What you have to do: Write out again only the lines between the one with "津市芸濃町椋本　第23期　新築一戸建ての区画図|全４区画" and the end of the records below, both ends counted, and don't include the pictures.

Data excerpts:

━━━━━━

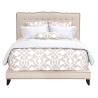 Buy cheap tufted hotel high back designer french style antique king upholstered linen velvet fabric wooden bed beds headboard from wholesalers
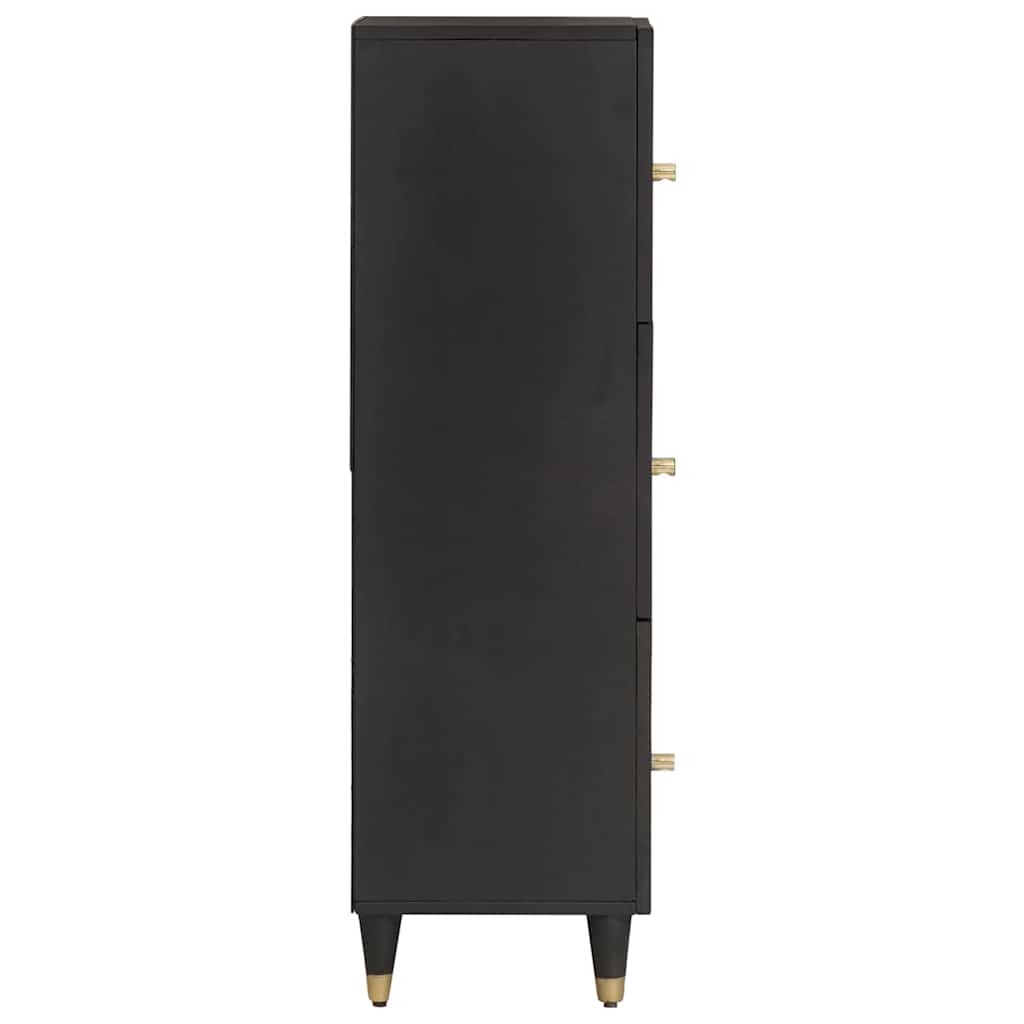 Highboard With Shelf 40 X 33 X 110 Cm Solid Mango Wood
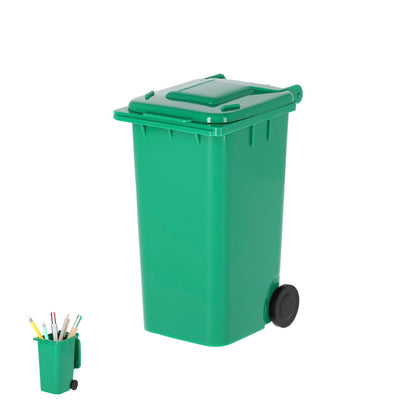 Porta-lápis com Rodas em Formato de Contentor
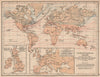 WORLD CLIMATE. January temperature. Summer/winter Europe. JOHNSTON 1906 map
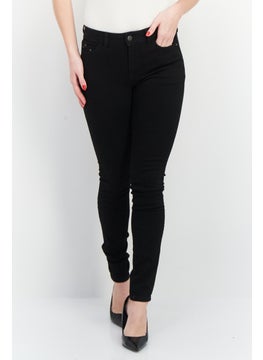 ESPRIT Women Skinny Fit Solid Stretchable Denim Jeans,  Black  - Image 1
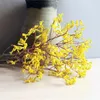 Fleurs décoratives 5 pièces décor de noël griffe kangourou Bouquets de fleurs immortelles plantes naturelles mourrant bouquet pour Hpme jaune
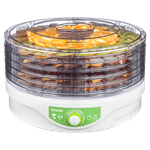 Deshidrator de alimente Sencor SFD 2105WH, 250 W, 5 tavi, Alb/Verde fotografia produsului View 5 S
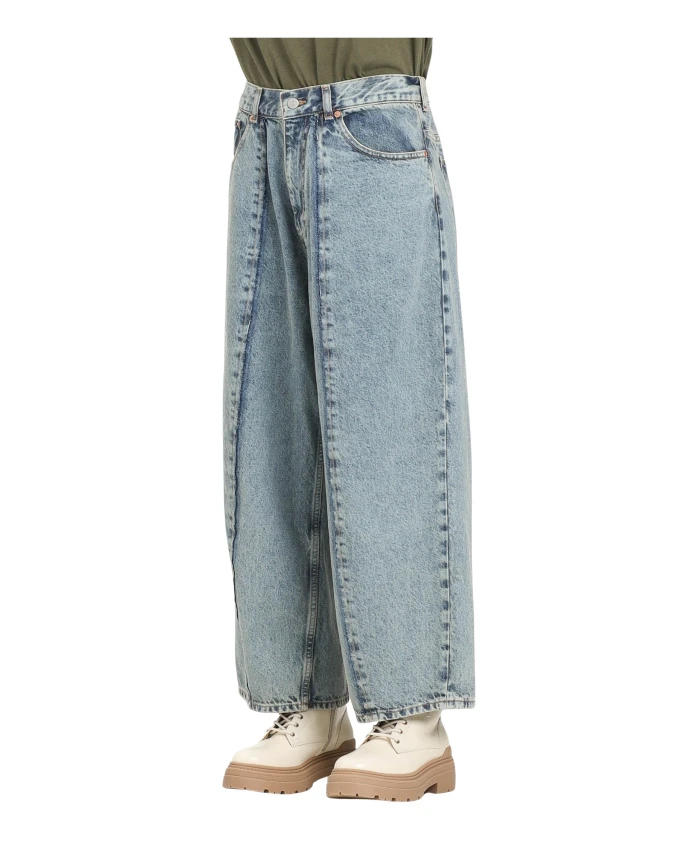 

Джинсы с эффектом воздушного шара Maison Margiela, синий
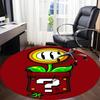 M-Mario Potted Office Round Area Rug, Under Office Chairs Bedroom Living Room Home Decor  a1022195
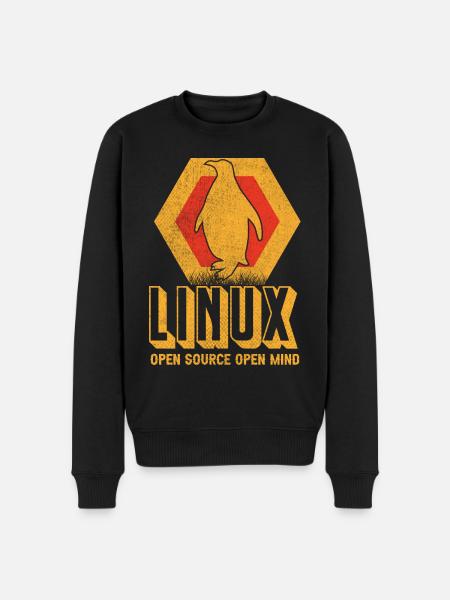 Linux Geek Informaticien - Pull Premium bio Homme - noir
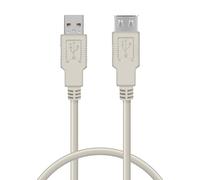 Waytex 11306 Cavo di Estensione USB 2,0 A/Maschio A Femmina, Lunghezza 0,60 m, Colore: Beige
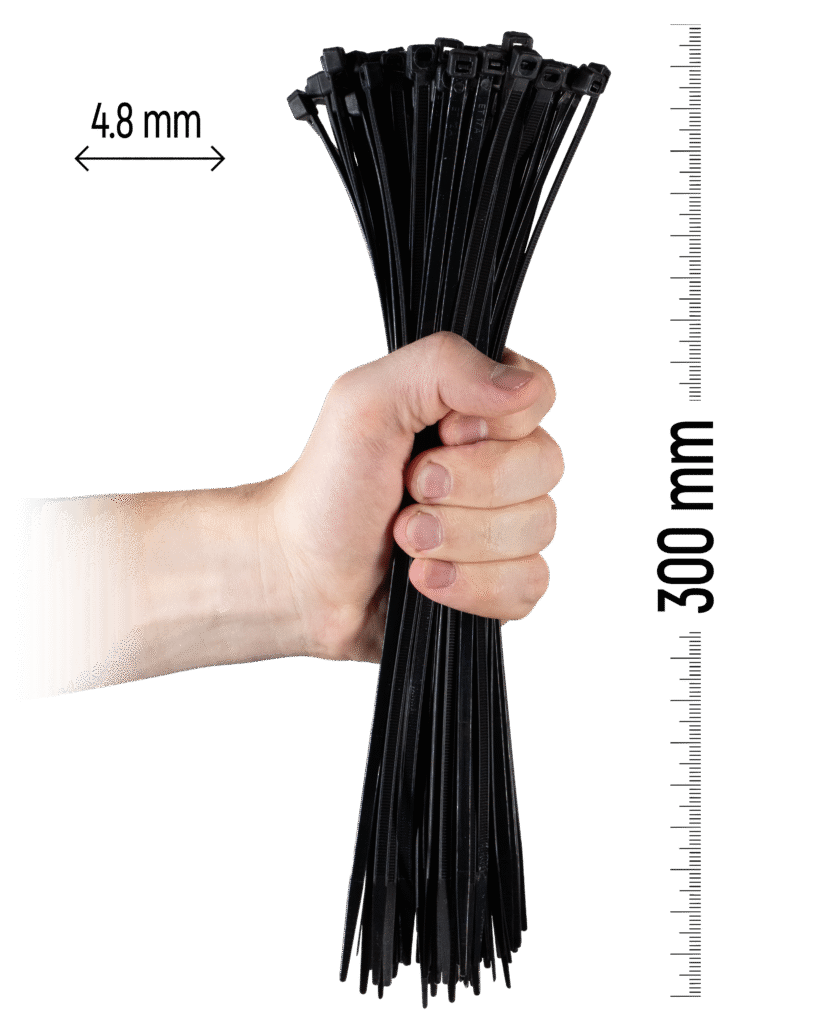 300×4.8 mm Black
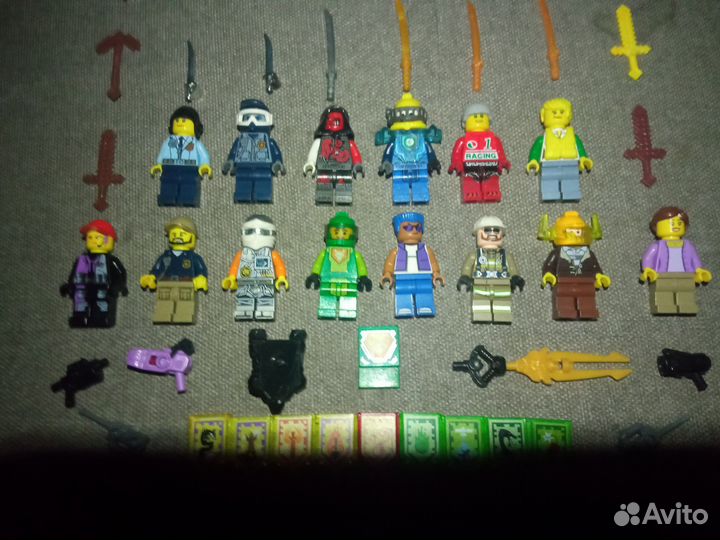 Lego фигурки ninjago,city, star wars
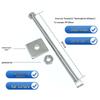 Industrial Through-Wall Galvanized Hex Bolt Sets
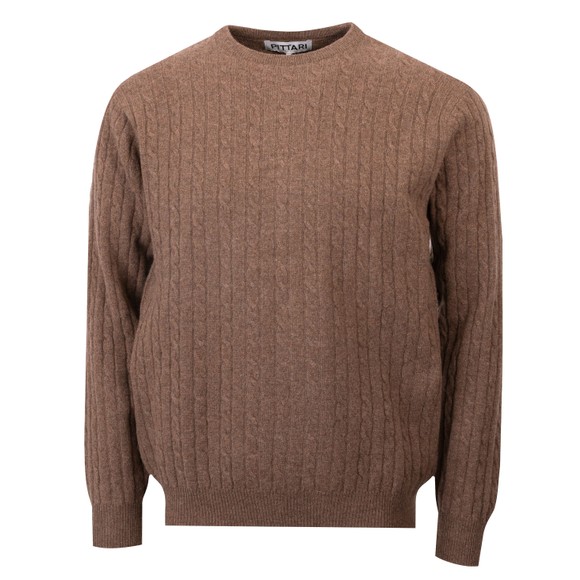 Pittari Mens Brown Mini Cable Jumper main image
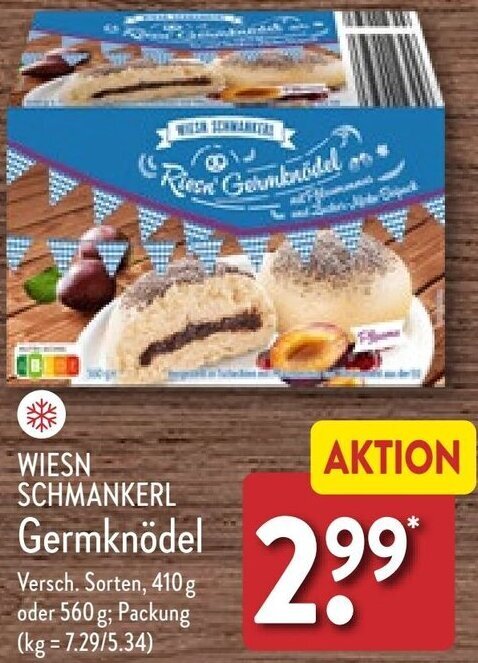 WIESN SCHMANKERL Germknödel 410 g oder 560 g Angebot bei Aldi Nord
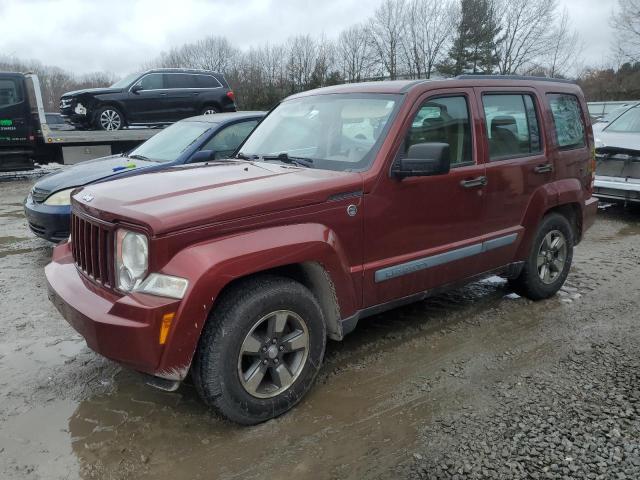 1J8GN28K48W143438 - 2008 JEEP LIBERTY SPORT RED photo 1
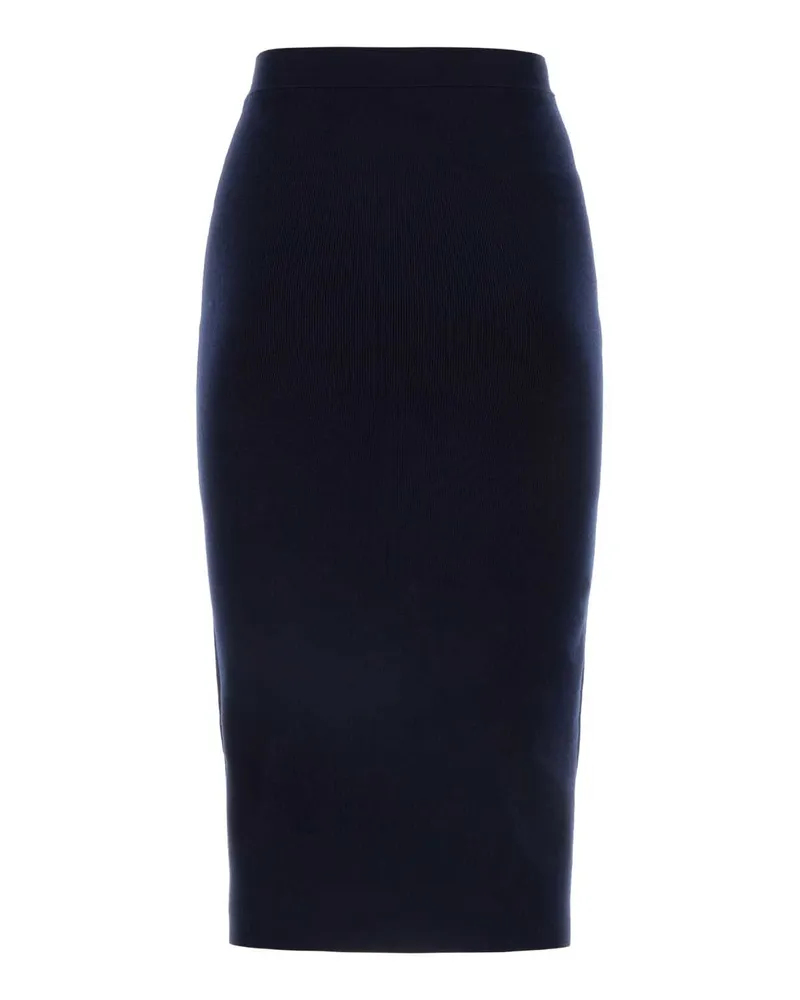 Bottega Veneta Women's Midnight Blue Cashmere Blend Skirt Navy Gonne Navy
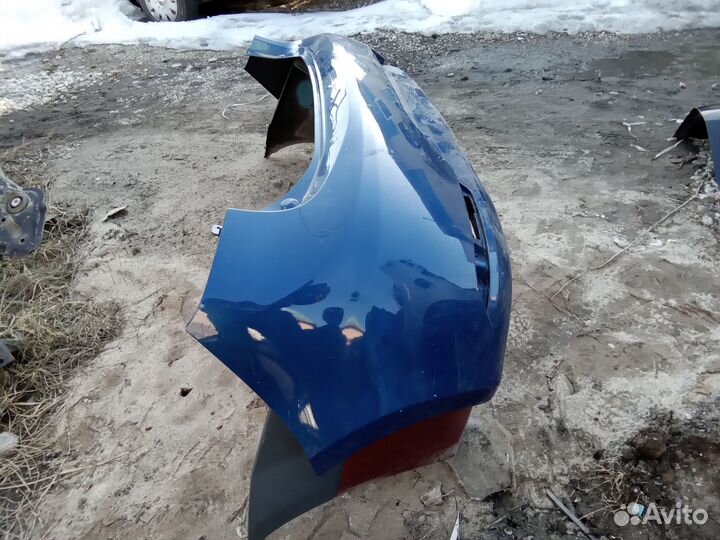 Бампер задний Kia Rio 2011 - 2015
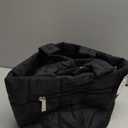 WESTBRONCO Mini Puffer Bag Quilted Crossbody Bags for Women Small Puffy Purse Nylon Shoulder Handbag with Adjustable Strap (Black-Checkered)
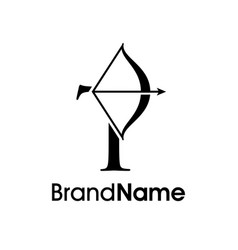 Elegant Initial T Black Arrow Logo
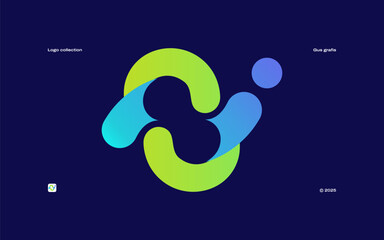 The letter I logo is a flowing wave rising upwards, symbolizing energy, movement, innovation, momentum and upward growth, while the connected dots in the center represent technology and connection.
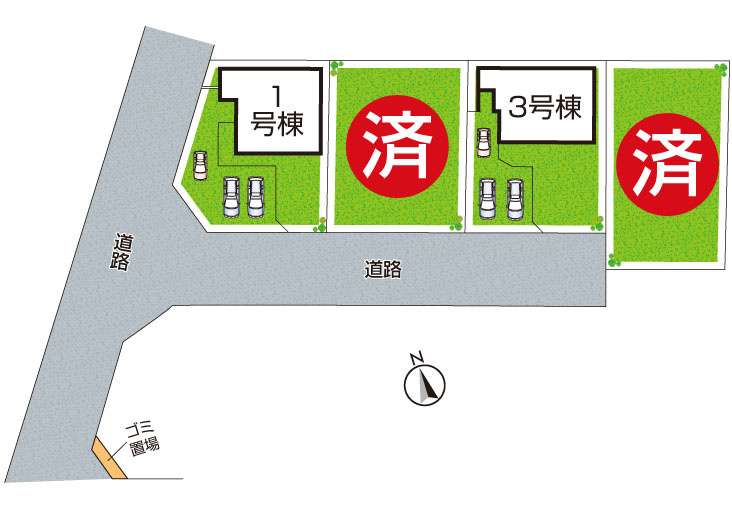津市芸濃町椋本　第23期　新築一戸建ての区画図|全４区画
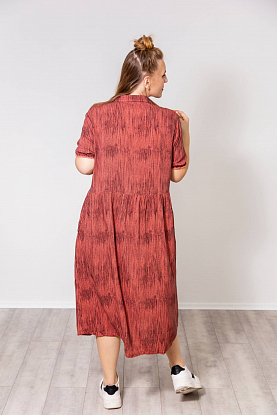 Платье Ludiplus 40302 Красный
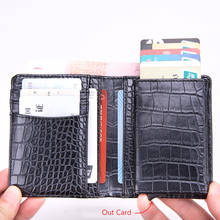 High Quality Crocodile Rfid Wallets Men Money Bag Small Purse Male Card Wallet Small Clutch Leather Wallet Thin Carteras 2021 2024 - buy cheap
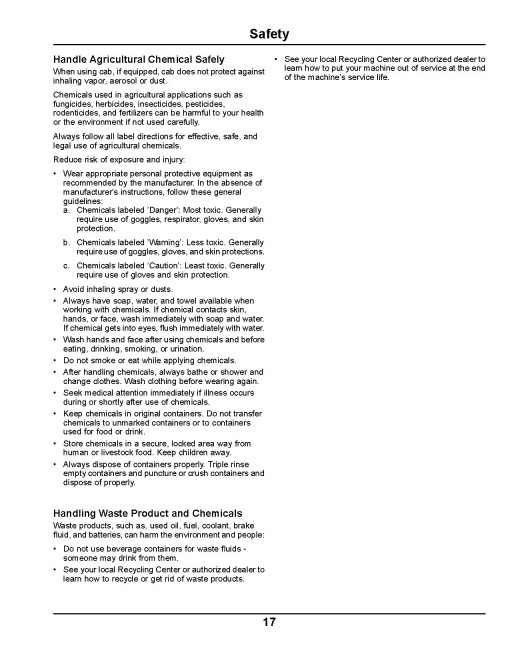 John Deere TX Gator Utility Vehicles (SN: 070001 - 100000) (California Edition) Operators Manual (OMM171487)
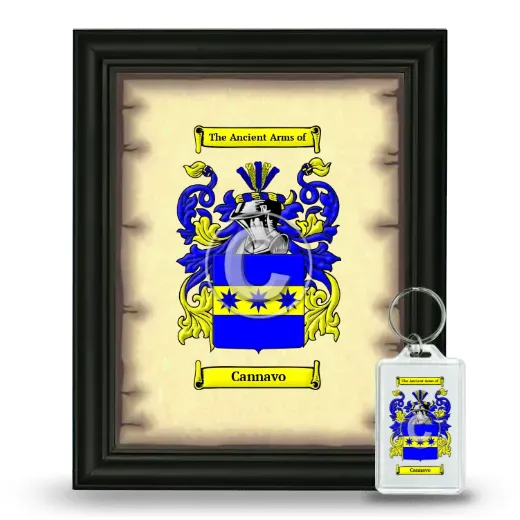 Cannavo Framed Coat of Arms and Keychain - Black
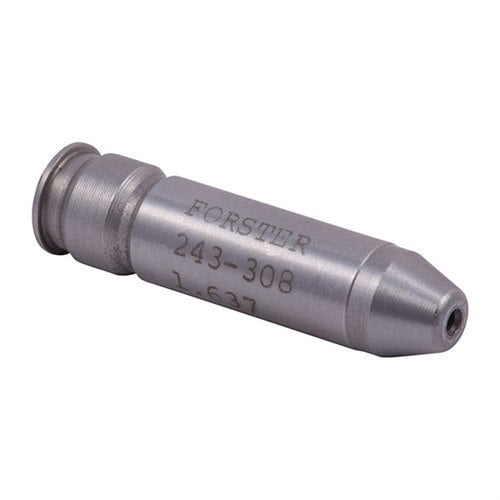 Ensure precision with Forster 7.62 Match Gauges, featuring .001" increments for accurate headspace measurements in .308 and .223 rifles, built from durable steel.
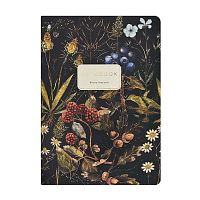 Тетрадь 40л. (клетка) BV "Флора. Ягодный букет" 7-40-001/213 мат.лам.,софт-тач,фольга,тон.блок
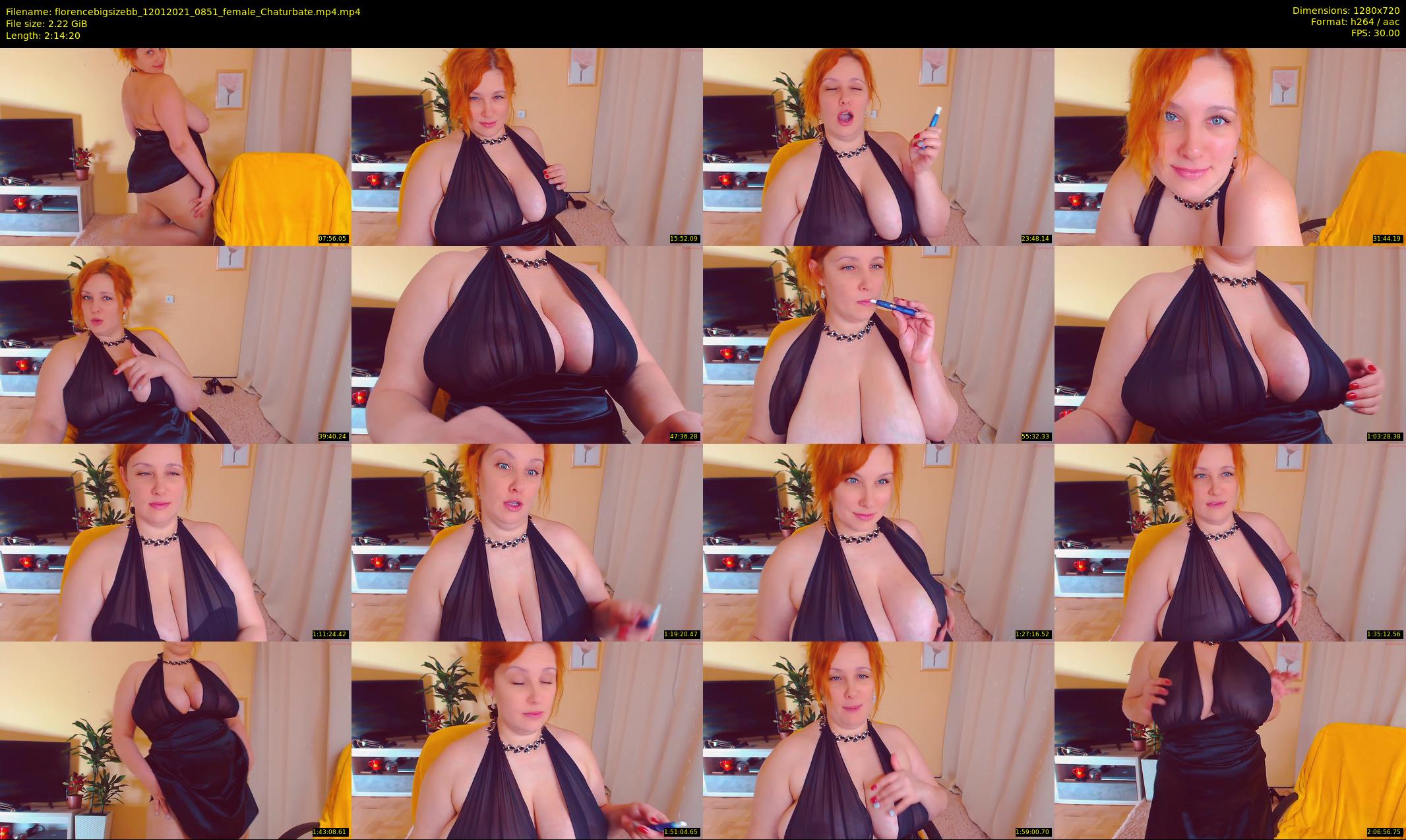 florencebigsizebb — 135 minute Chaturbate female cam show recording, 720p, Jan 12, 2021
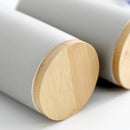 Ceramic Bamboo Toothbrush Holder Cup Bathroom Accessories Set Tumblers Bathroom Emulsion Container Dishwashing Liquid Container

━━━━━━

Exercise answer:
津市芸濃町椋本　第23期　新築一戸建ての区画図|全４区画
 Платье Ludiplus 40302 Красный
 High Quality Crocodile Rfid Wallets Men Money Bag Small Purse Male Card Wallet Small Clutch Leather Wallet Thin Carteras 2021 2024 - buy cheap
 John Deere TX Gator Utility Vehicles (SN: 070001 - 100000) (California Edition) Operators Manual (OMM171487)
 Cannavo Framed Coat of Arms and Keychain - Black
 Ensure precision with Forster 7.62 Match Gauges, featuring .001" increments for accurate headspace measurements in .308 and .223 rifles, built from durable steel.
 Тетрадь 40л. (клетка) BV "Флора. Ягодный букет" 7-40-001/213 мат.лам.,софт-тач,фольга,тон.блок
 florencebigsizebb — 135 minute Chaturbate female cam show recording, 720p, Jan 12, 2021
 Ceramic Bamboo Toothbrush Holder Cup Bathroom Accessories Set Tumblers Bathroom Emulsion Container Dishwashing Liquid Container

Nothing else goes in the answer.